Mains: The small-market blues

From SABR member Rob Mains at Baseball Prospectus on January 17, 2018:

I don’t mean to pick on Pirates owner Bob Nutting. At least not him solely. But his quote above represents a widespread misperception in contemporary baseball: That small-market teams like the Pirates can’t compete with the rich teams in New York, Los Angeles, and Chicago.

Let’s start with this: From 1947 to 1964—that’s 18 years—there were 109 World Series games. Of those 109 games, 45—or 41 percent—were contested between two teams from New York. Another 52—or 48 percent—had one New York team. There were only 12 World Series games over an 18-year span that didn’t include any teams from New York. And if you give New York credit for the California-transplanted Giants and Dodgers, you get 56 games with two current or recent New York teams, 47 with one, and only six games—Cleveland’s 1948 triumph over Boston—that didn’t involve Gotham.
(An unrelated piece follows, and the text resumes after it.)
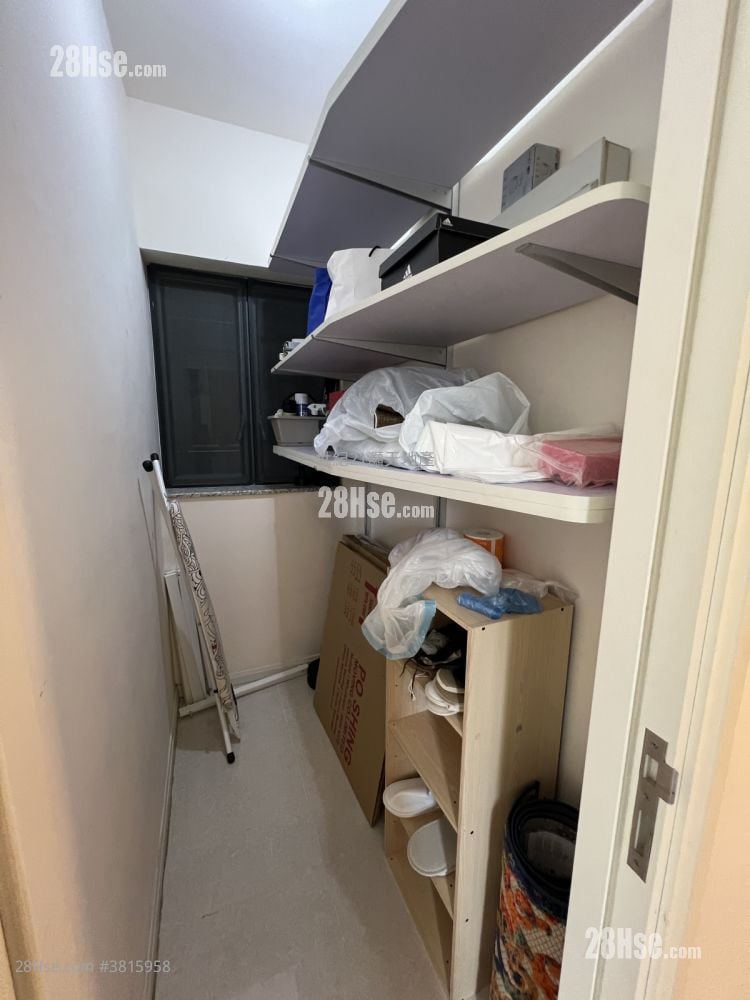 Mont Vert Sell 3 Bedrooms , 3 Bathrooms 750 ft²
Long before free agency, the rich big-city teams absolutely dominated the game.

By contrast, during the 18 years since 2000, there have been only seven World Series games involving two New York teams (and that was back in 2000) and 24 involving one. The domination of baseball by teams in the biggest markets? It just isn’t happening. Look at the numbers if you don’t believe me.